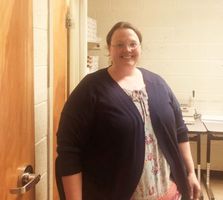 PCPS highlights division CTE teachers!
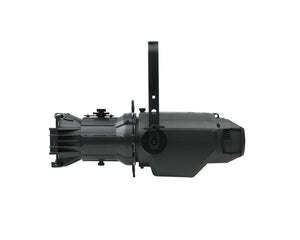 MAR1722 - Martin Professional ELP CL Full Colour RGBLA LED Ellipsoidal Profile Body Only Image 3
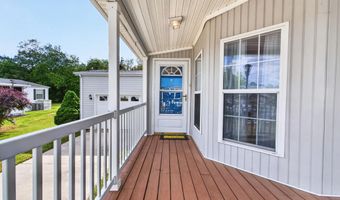 4 WHITEHAVEN Way 49622, Lewes, DE 19958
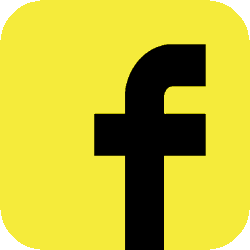 facebook-logo_yellow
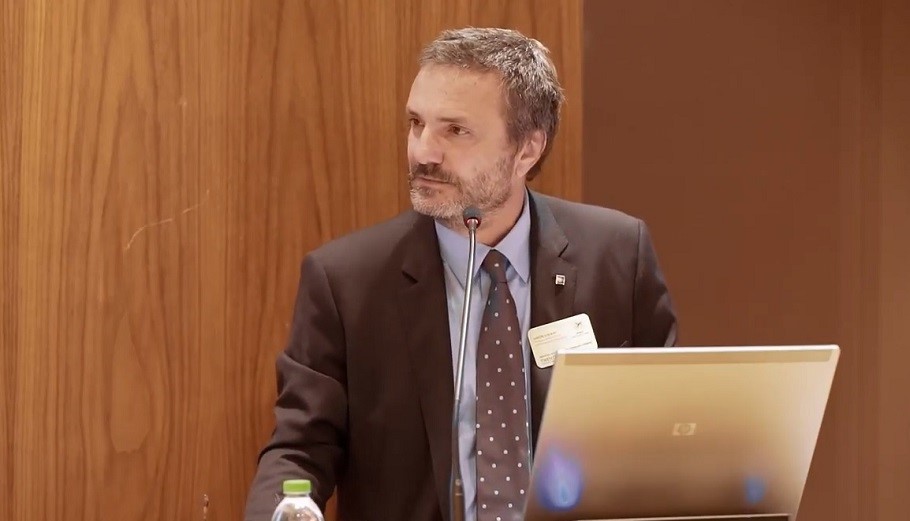 myTEKA: Τα οφέλη της νέας εφαρμογής για τους ασφαλισμένους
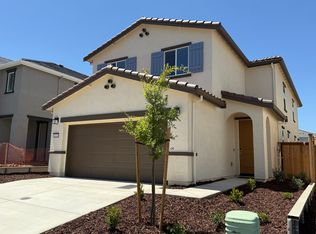 4533 Field View Dr, Folsom, CA 95630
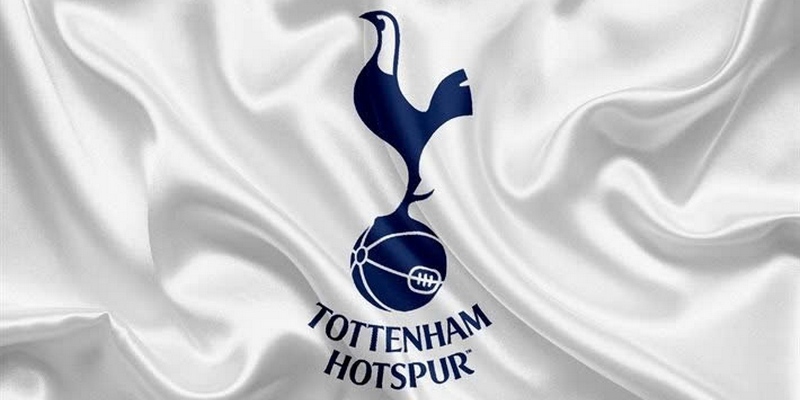 tottenham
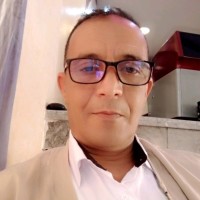 Mohamed Jouaou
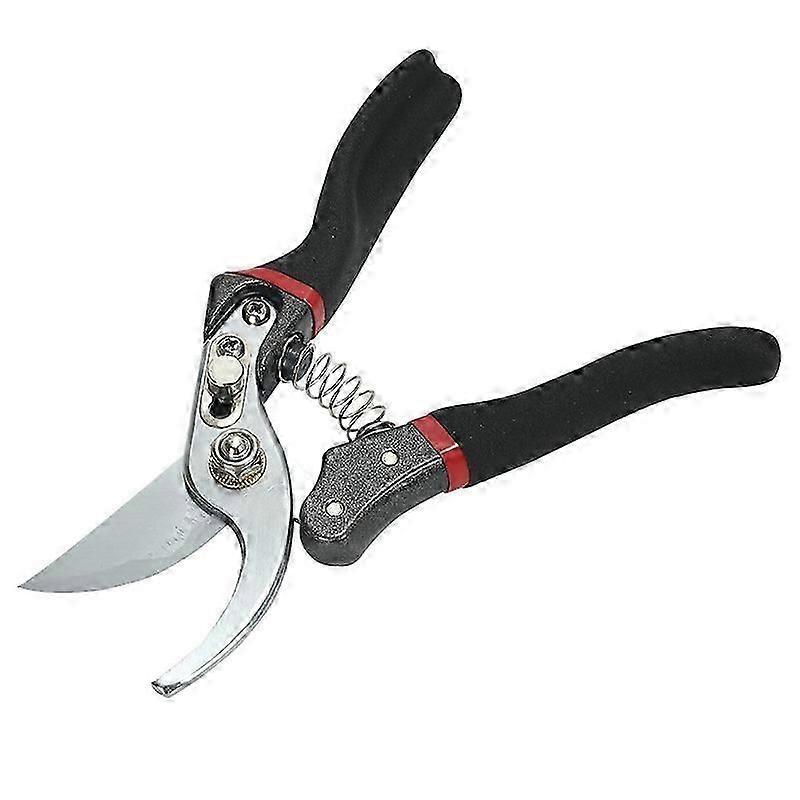 Garden Pruning Shears, Spring Pruning Shears Professional Scissors Pruning Shears Pruning Shears wit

### Your goal:
Reproduce all of the records above exactly, but exclude the pictures.

### Your solution:
 PCPS highlights division CTE teachers!
 MAR1722 - Martin Professional ELP CL Full Colour RGBLA LED Ellipsoidal Profile Body Only Image 3
 4 WHITEHAVEN Way 49622, Lewes, DE 19958
 facebook-logo_yellow
 myTEKA: Τα οφέλη της νέας εφαρμογής για τους ασφαλισμένους
 4533 Field View Dr, Folsom, CA 95630
 tottenham
 Mohamed Jouaou
 Garden Pruning Shears, Spring Pruning Shears Professional Scissors Pruning Shears Pruning Shears wit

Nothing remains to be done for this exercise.